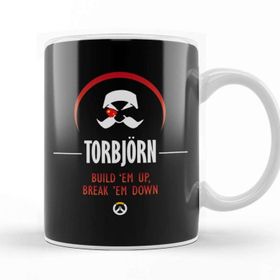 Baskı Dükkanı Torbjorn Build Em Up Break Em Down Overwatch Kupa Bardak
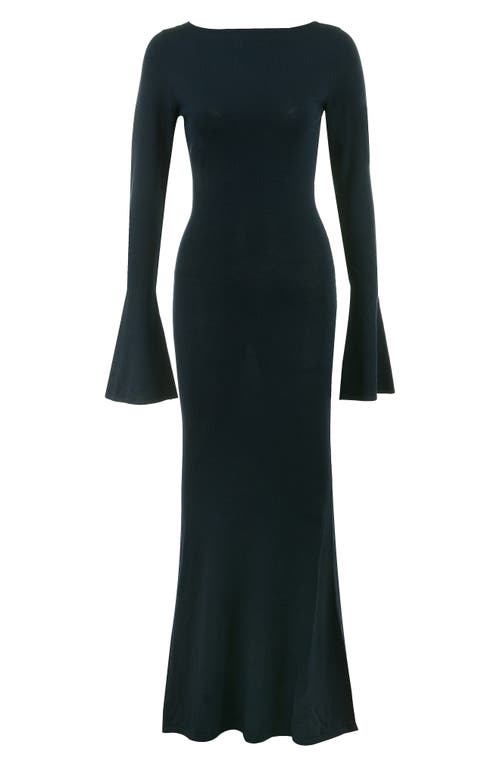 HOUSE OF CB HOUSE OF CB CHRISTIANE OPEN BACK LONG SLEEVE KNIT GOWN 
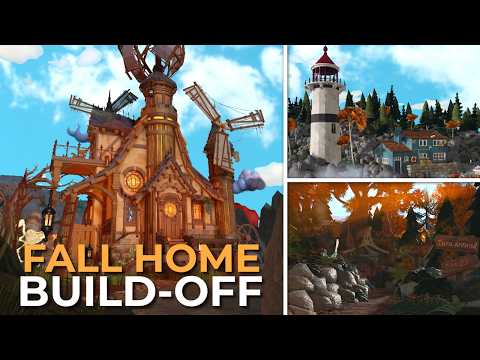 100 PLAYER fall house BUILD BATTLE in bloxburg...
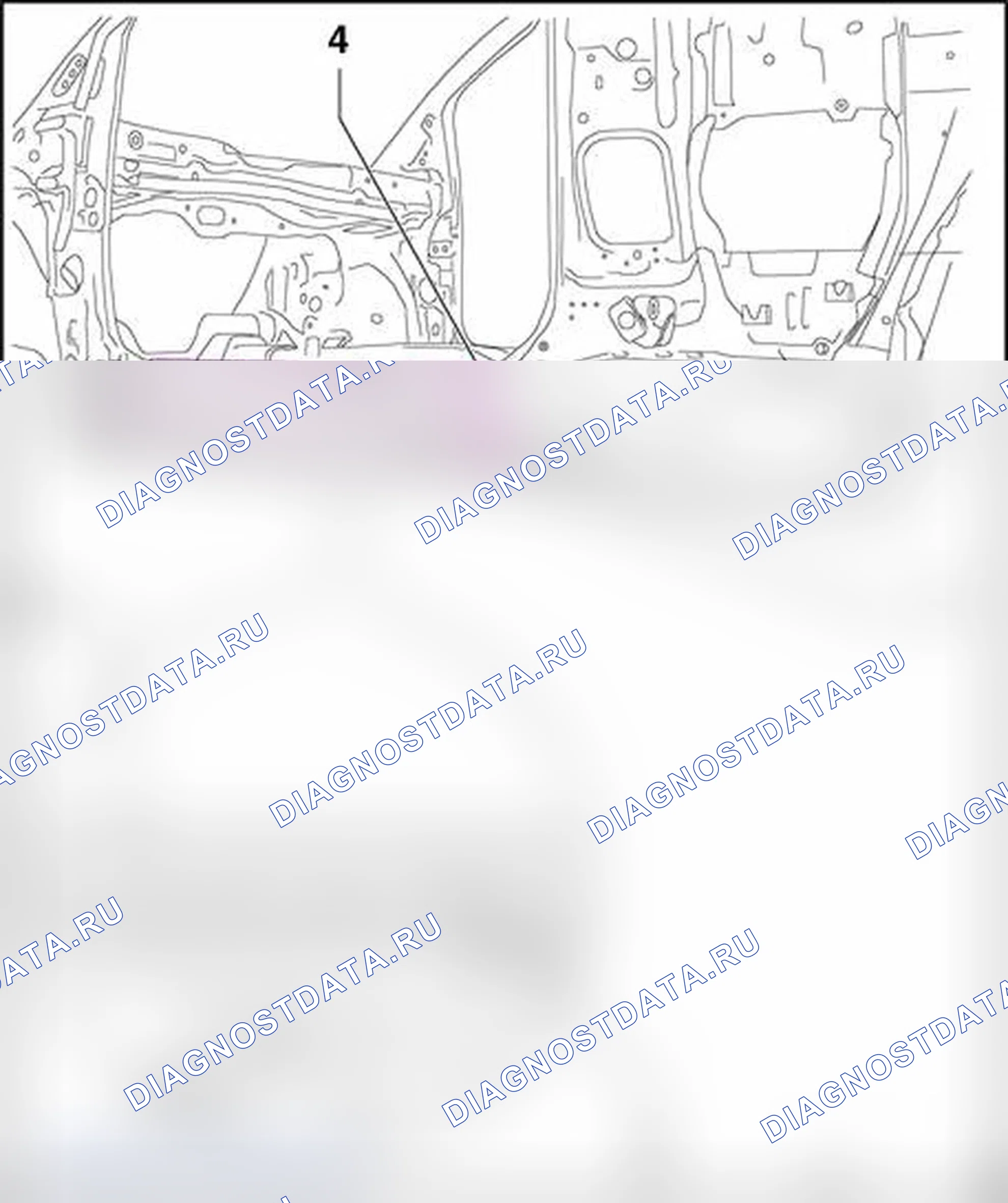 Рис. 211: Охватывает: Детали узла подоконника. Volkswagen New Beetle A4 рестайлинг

◇ ◇ ◇ ◇

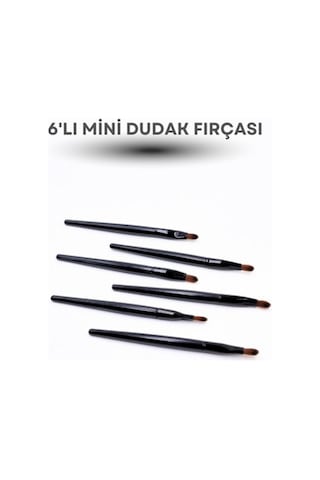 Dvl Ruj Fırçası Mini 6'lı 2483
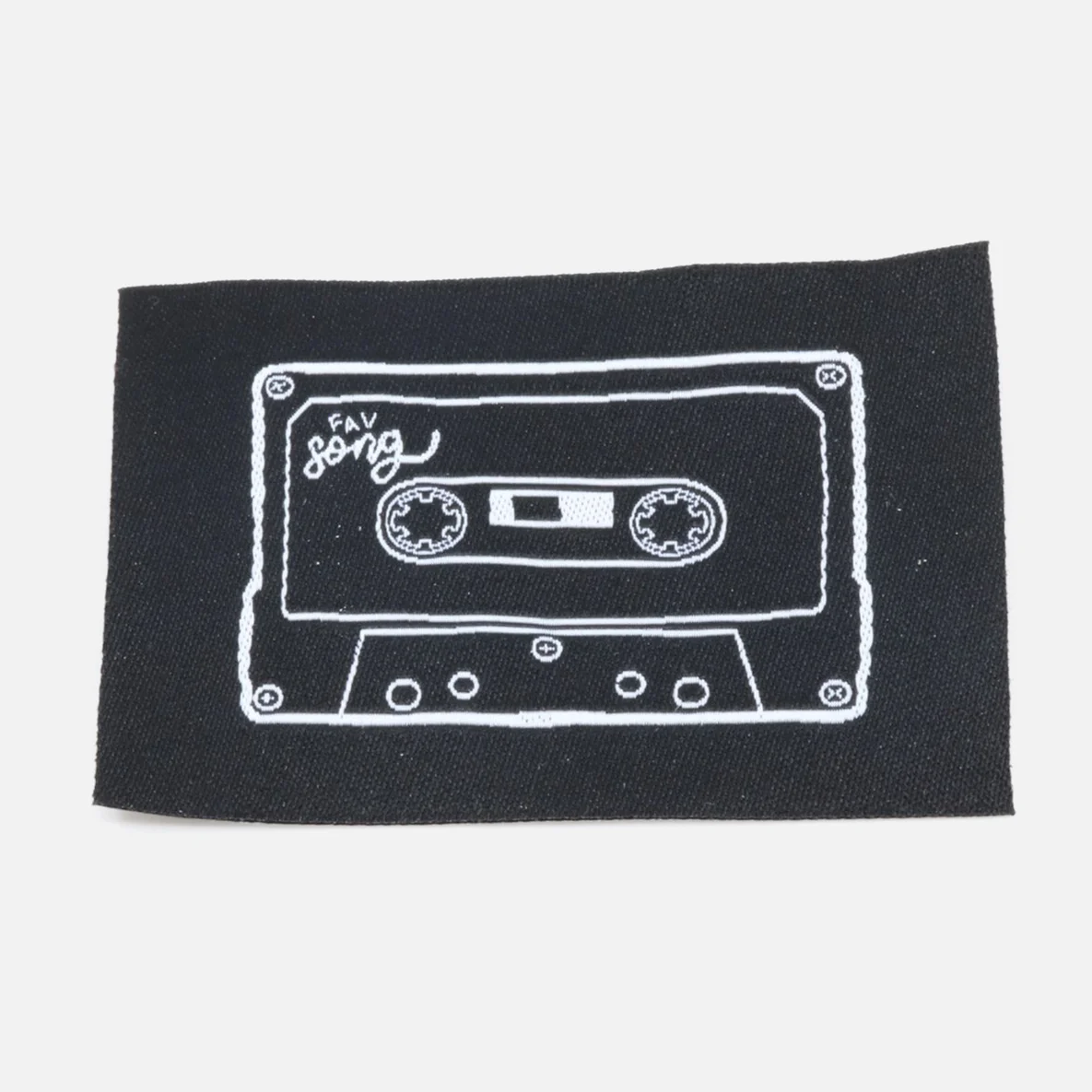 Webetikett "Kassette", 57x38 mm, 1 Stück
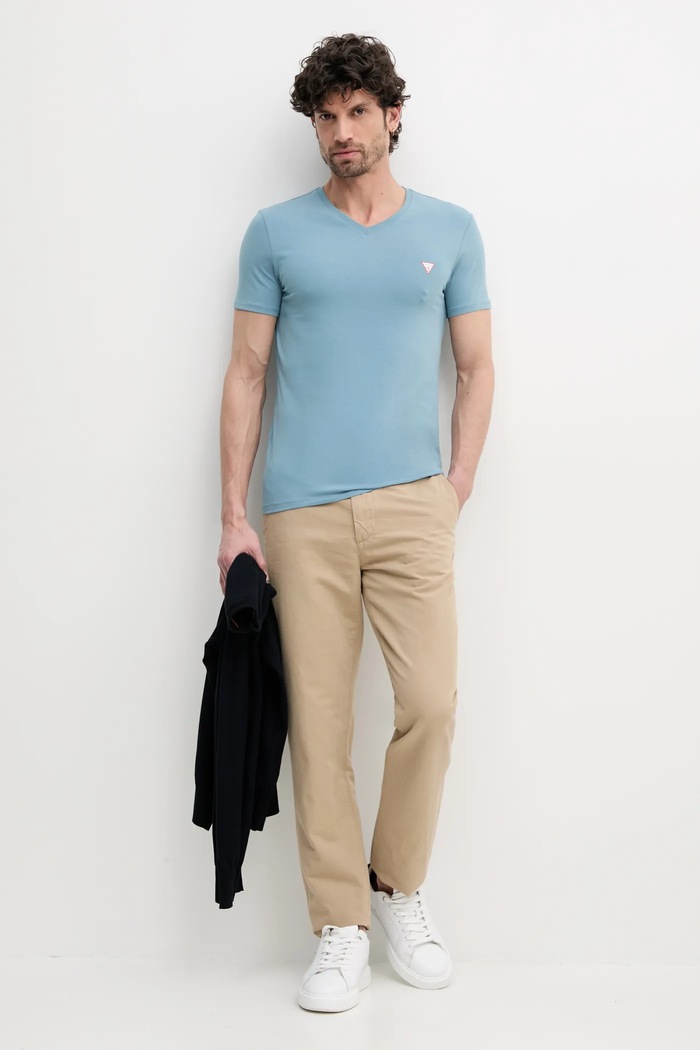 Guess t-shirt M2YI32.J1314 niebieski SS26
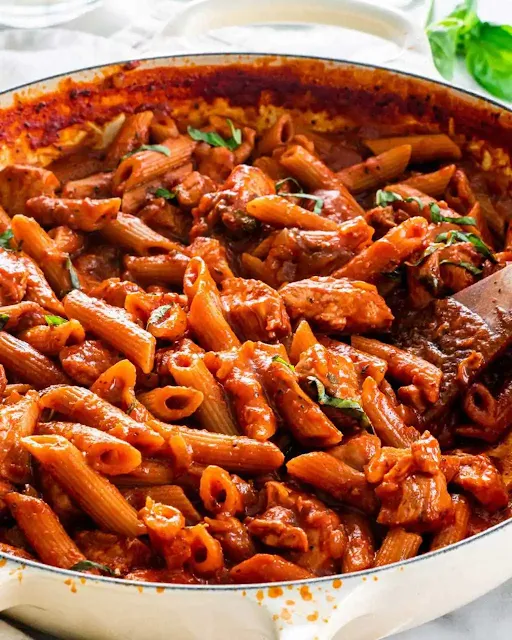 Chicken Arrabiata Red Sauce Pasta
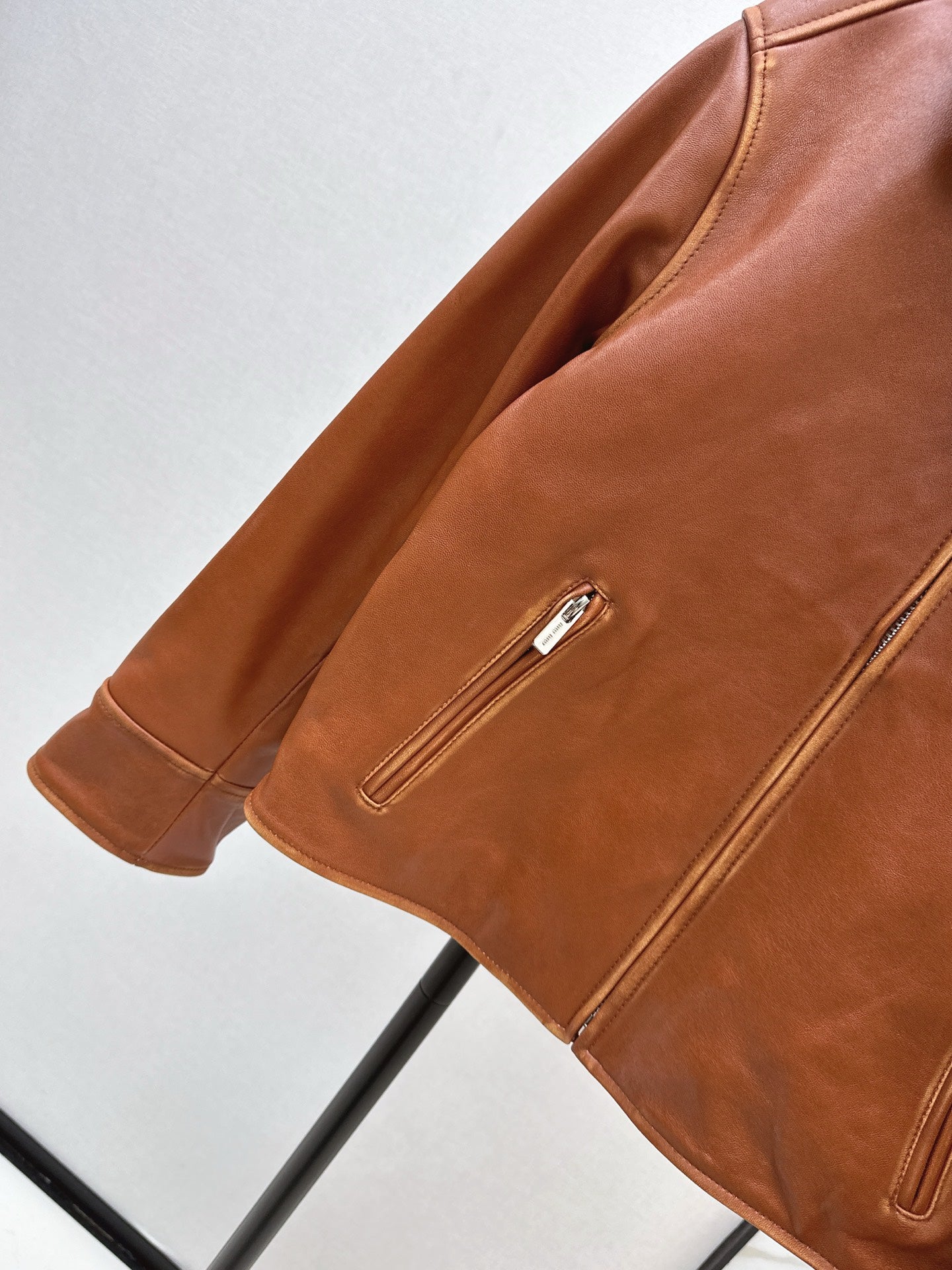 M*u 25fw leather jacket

◇ ◇ ◇ ◇

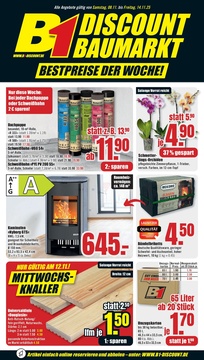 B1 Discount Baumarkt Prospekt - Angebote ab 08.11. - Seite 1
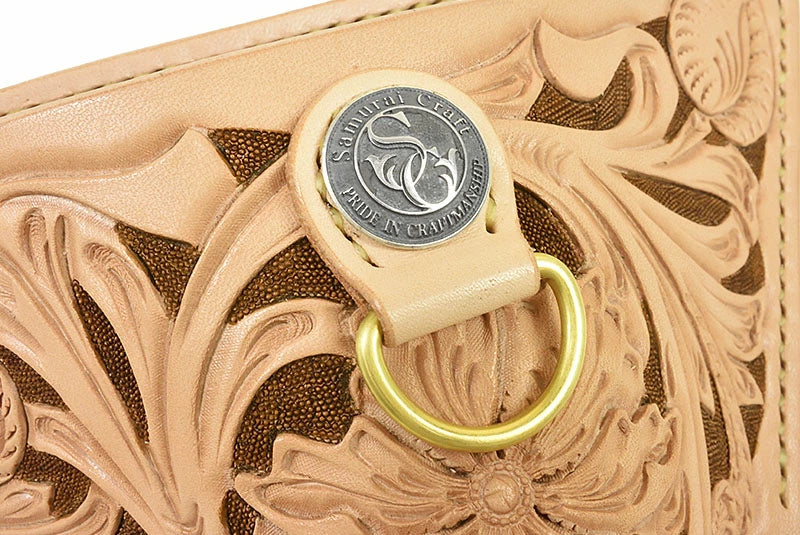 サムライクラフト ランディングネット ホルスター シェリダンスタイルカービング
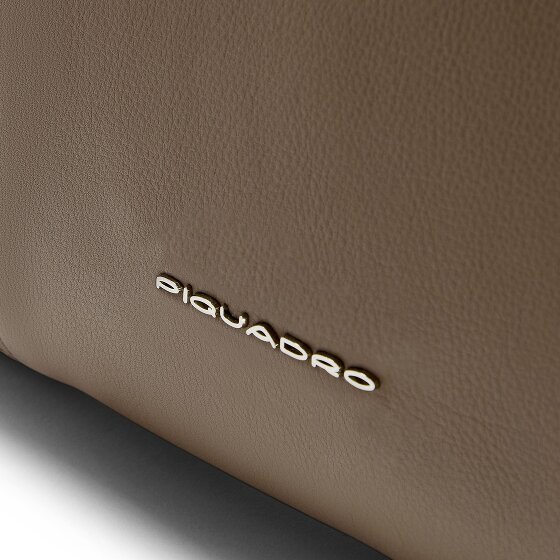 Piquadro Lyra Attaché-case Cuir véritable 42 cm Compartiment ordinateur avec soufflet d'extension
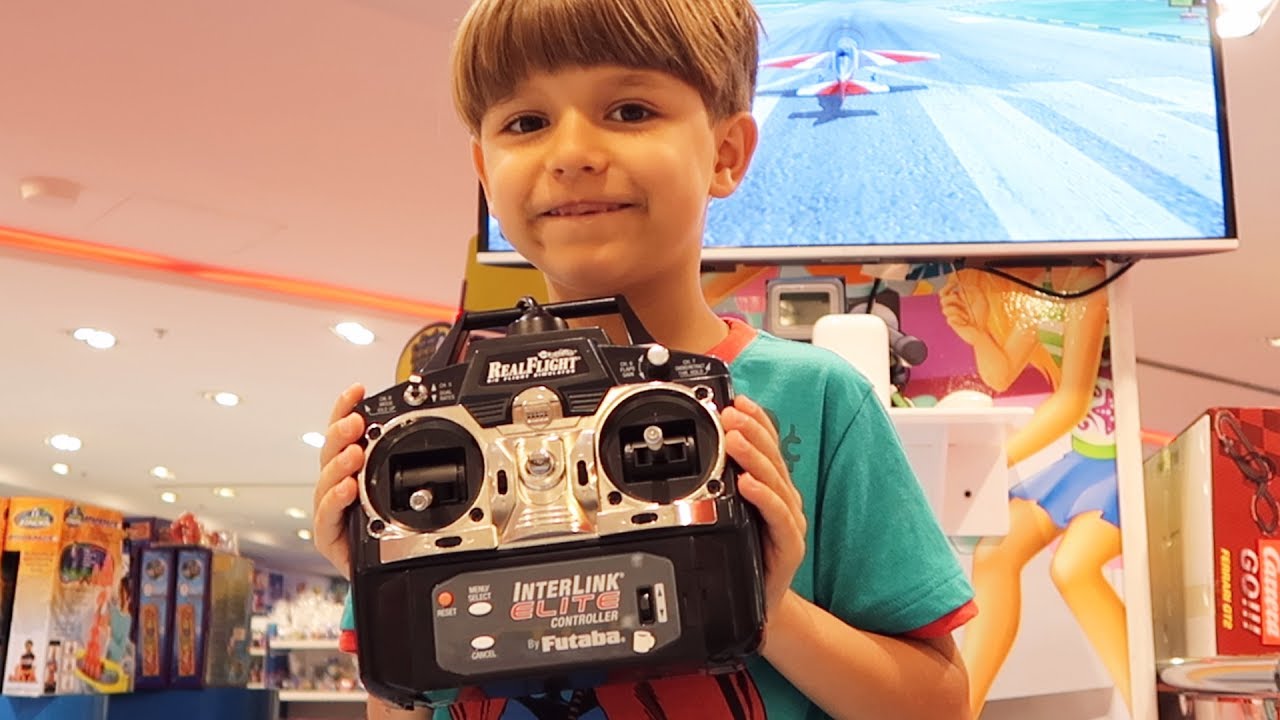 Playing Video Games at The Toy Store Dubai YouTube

◇ ◇ ◇ ◇

> _Directions_
When you reach the line that has "Piquadro Lyra Attaché-case" in the data above, start repeating lines exactly, and stop after the line that has "Playing Video Games"; pictures stay out.

> _Your response_
 Piquadro Lyra Attaché-case Cuir véritable 42 cm Compartiment ordinateur avec soufflet d'extension
 Playing Video Games at The Toy Store Dubai YouTube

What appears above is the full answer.